Output of column in Pandas dataframe from float to currency (negative values)

I have the following data frame (consisting of both negative and positive numbers):
df.head()
Out[39]:
Prices
0 -445.0
1 -2058.0
2 -954.0
3 -520.0
4 -730.0
I am trying to change the 'Prices' column to display as currency when I export it to an Excel spreadsheet. The following command I use works well:
df['Prices'] = df['Prices'].map("${:,.0f}".format)
df.head()
Out[42]:
Prices
0 $-445
1 $-2,058
2 $-954
3 $-520
4 $-730
Now my question here is what would I do if I wanted the output to have the negative signs BEFORE the dollar sign. In the output above, the dollar signs are before the negative signs. I am looking for something like this:
-$445
-$2,058
-$954
-$520
-$730
Please note there are also positive numbers as well.

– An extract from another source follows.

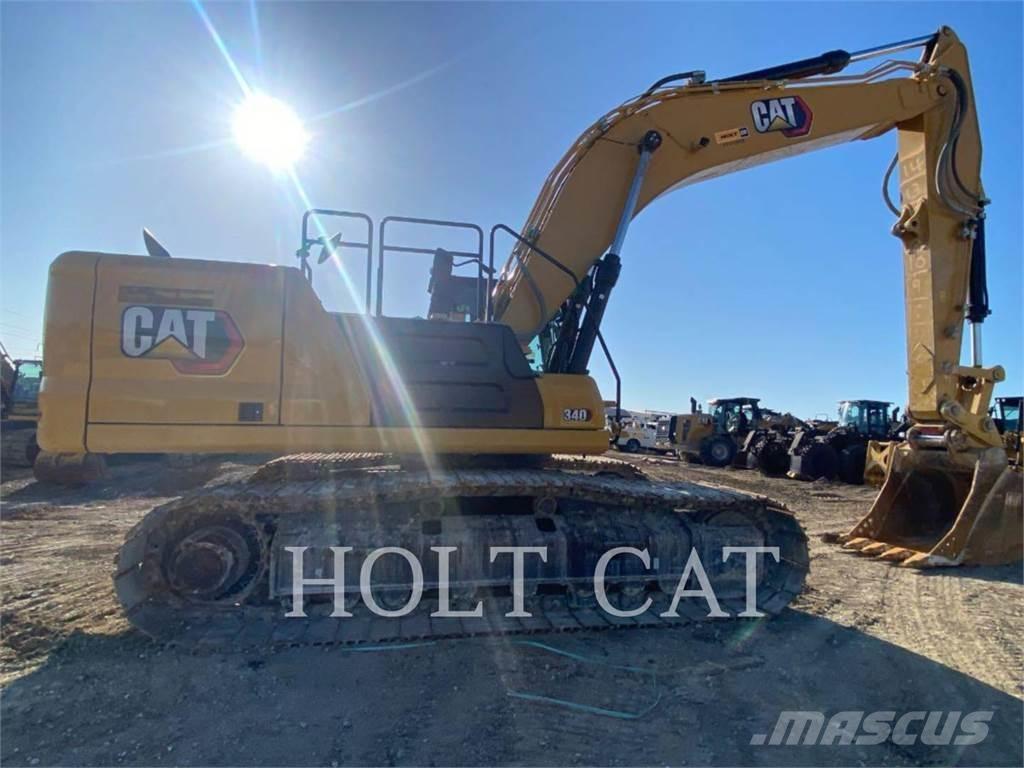 CAT 340 12 TC Pale gommate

You can use np.where and test whether the values are negative and if so prepend a negative sign in front of the dollar and cast the series to a string using astype:
In [153]:
df['Prices'] = np.where( df['Prices'] < 0, '-$' + df['Prices'].astype(str).str[1:], '$' + df['Prices'].astype(str))
df['Prices']
Out[153]:
0 -$445.0
1 -$2058.0
2 -$954.0
3 -$520.0
4 -$730.0
Name: Prices, dtype: object
You can use the locale module and the _override_localeconv dict. It's not well documented, but it's a trick I found in another answer that has helped me before.
import pandas as pd
import locale
locale.setlocale( locale.LC_ALL, 'English_United States.1252')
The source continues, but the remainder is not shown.